Assume you have 8 circles (A-H) where 1's in the table below indicate the 2 circles intersect.
ABCDEFGH
A11000110
B11000000
C00100000
D00010101
E00001110
F10011100
G10001010
H00010001
One partitioning idea involves determining what's connected by only considering a subset of circles and all their immediate connections.
ABCDEFGH
A11000110 p1 [AB]
B11000000
---------
C00100000 p2 [CD]
D00010101
---------
E00001110 p3 [EF]
F10011100
---------
G10001010 p4 [GH]
H00010001
NB Even though threads are sharing data (e.g. 2 threads may consider the intersection between circles A and F concurrently), the share is read-only and doesn't require a lock.
Assume 4 partitions (and 4 threads) of [AB][CD][EF][GH]. Connected components per partition would be broken down as follows:
[AB]: ABFG
[CD]: C DFH
[EF]: ADEFG
[GH]: AEG DH
You now have a list of potentially overlapping connected components. Merging involves iterating the list to find overlaps.
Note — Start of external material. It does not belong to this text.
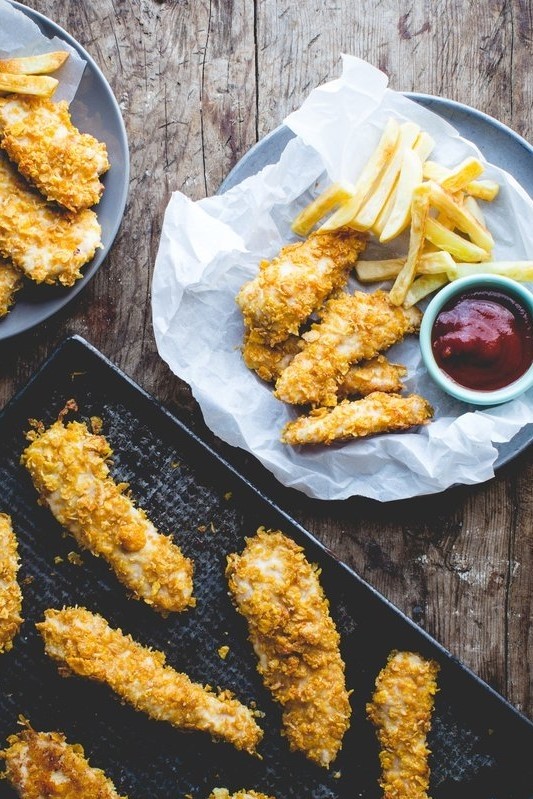 Image of Baked Chicken Strips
If found, take union of the 2 sets is a new connected component. This will finally produce: ABFGDHE and C
Some optimisation techniques to consider:
The bottom left of the matrix mirrors the top-right. So you should be able to avoid duplicating processing of the inverse connections.
The merging of partitions can itself be partitioned and merged.
In fact in the extreme case you could start out partitioning a single circle per partition.
Connected(A) = ABFG
Connected(B) = B
Connected(AB) = ABFG
Connected(C) = C
Connected(D) = DFH
Connected(CD) = C,DFH
Connected(ABCD) = ABFGDH,C
Connected(E) = EFG
Connected(F) = F
Connected(EF) = EFG
Connected(G) = G
Connected(H) = H
Connected(GH) = G,H
Connected(EFGH) = EFG,H
Connected(ABCDEFGH) = ABFGDHE,C
Very NB You need to ensure appropriate selection of data structures and algorithms or suffer extremely poor performance. E.g. A naive intersection implementation might require O(n^2) operations to determine if two intermediate connected components intersect and totally destroy your goal that lead to all this additional complexity.
One approach is to divide the image into blocks, run the algorithm for each block independently, on different threads (i.e. considering only the circles whose center is in that block), and afterwards join the groups from different blocks that have intersecting circles.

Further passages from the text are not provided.